> [Task to carry out]
Please restate, exactly, only the lines from the beginning of the listing below through the line containing "A stack of soft, warm", with the pictures left out.

> [Dataset records]
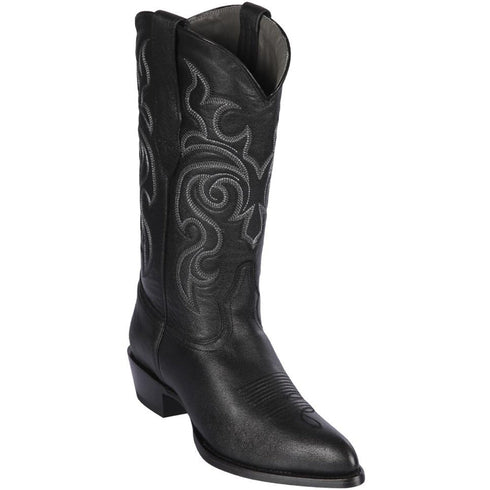 Los Altos Black Cowboy Boots J-Toe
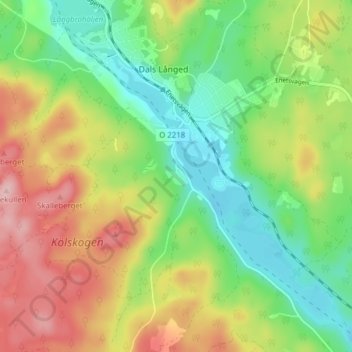 Topografische kaart Bräckan, hoogte, reliëf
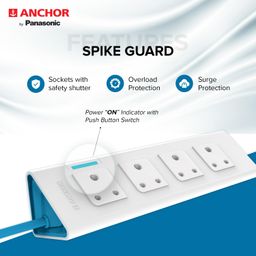 Anchor by Panasonic 4 Way Extension Board Socket with Single Switch | 4 Way Socket with 1.5 Mtr Extension Cord | Multi Plug Socket for Home Wall, Office (22061) image 3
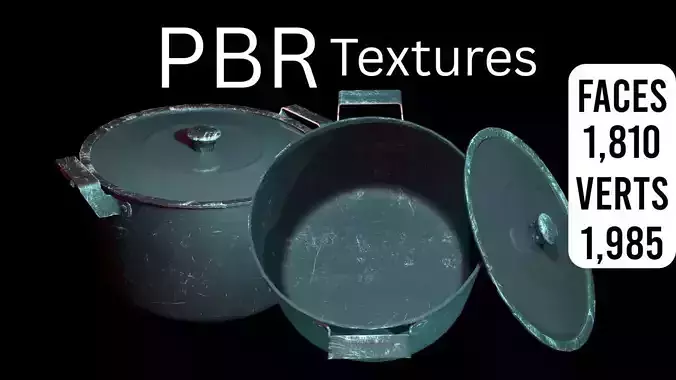 Old Rusty Cooking Pot 3D model Low-poly 3D model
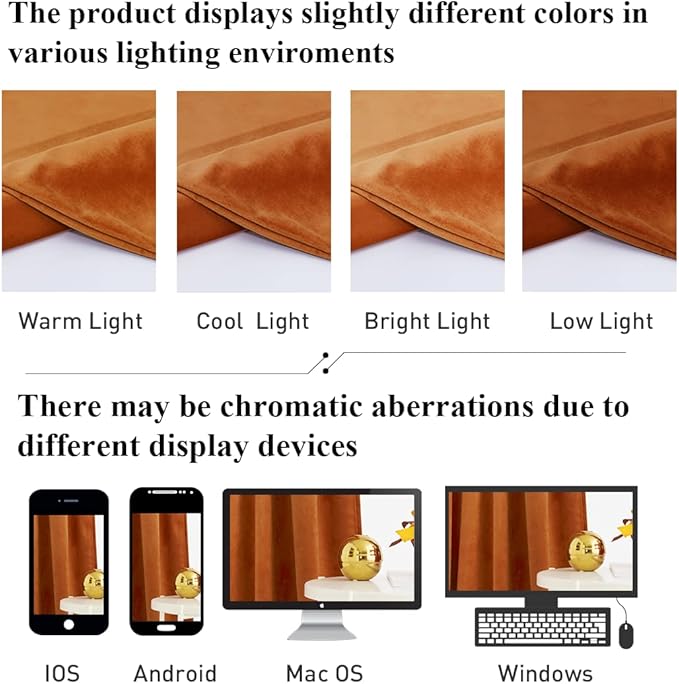 StangH Orange Velvet Curtains 96 inches, Back Tab Heavy Thick Living Room Drapes Light Blocking Privacy Protect Curtain Panels for Bedroom/Backdrops, W52 x L96, 2 Panels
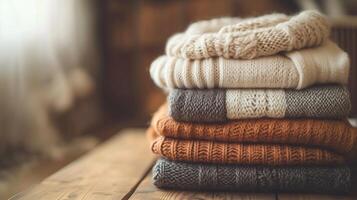 A stack of soft, warm sweaters is neatly arranged on a wooden table photo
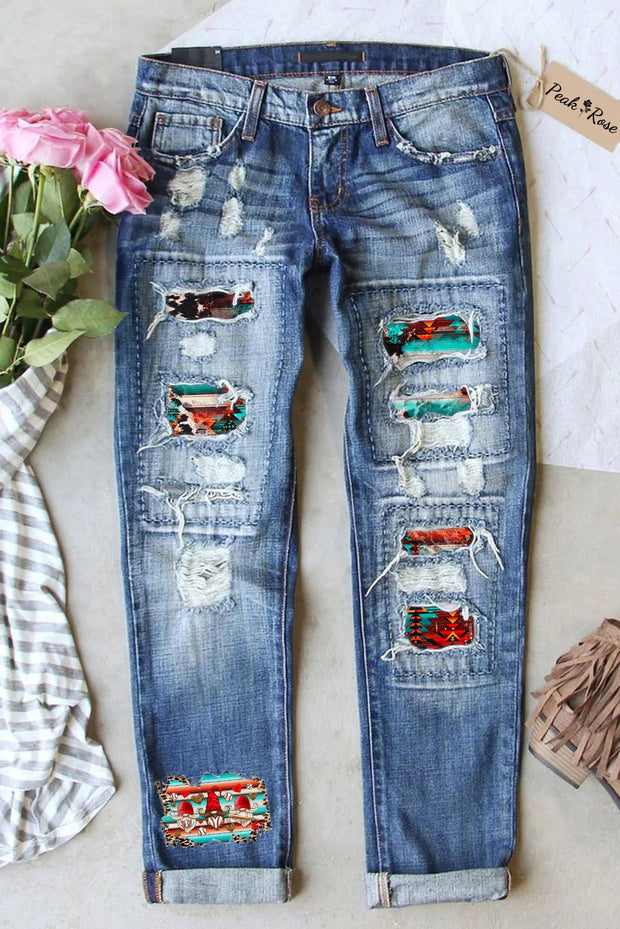 Vintage Western Aztec Baseball Gnome Ripped Denim Jeans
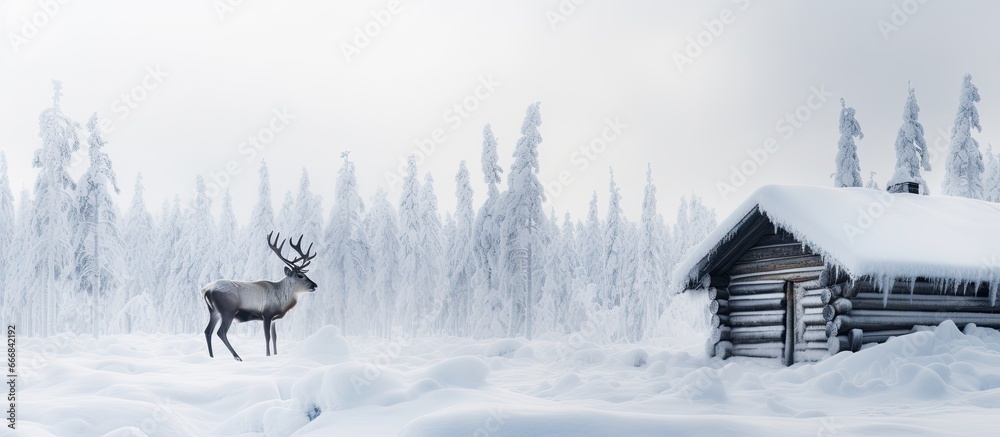 Finnish Lapland winter scenery with reindeer and log cabin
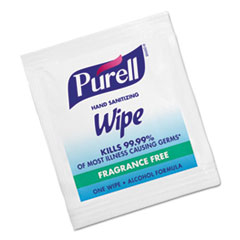 PURELL® Sanitizing Hand Wipes, Individually Wrapped, 5 x 7, Unscented, White, 1,000/Carton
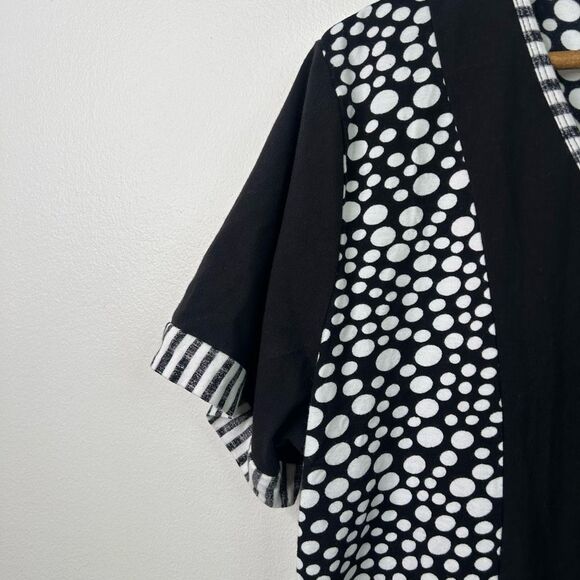 Parsley & Sage Boho Patchwork Top L Black White Polka Dot Stripe Artsy Button - Picture 4 of 11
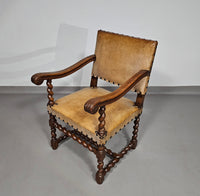 Matching set / Castle Chairs / Neo Barok / sheep leather / 1900s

> [Solved problem]
 Los Altos Black Cowboy Boots J-Toe
 Topografische kaart Bräckan, hoogte, reliëf
 Anchor by Panasonic 4 Way Extension Board Socket with Single Switch | 4 Way Socket with 1.5 Mtr Extension Cord | Multi Plug Socket for Home Wall, Office (22061) image 3
 Old Rusty Cooking Pot 3D model Low-poly 3D model
 StangH Orange Velvet Curtains 96 inches, Back Tab Heavy Thick Living Room Drapes Light Blocking Privacy Protect Curtain Panels for Bedroom/Backdrops, W52 x L96, 2 Panels
 A stack of soft, warm sweaters is neatly arranged on a wooden table photo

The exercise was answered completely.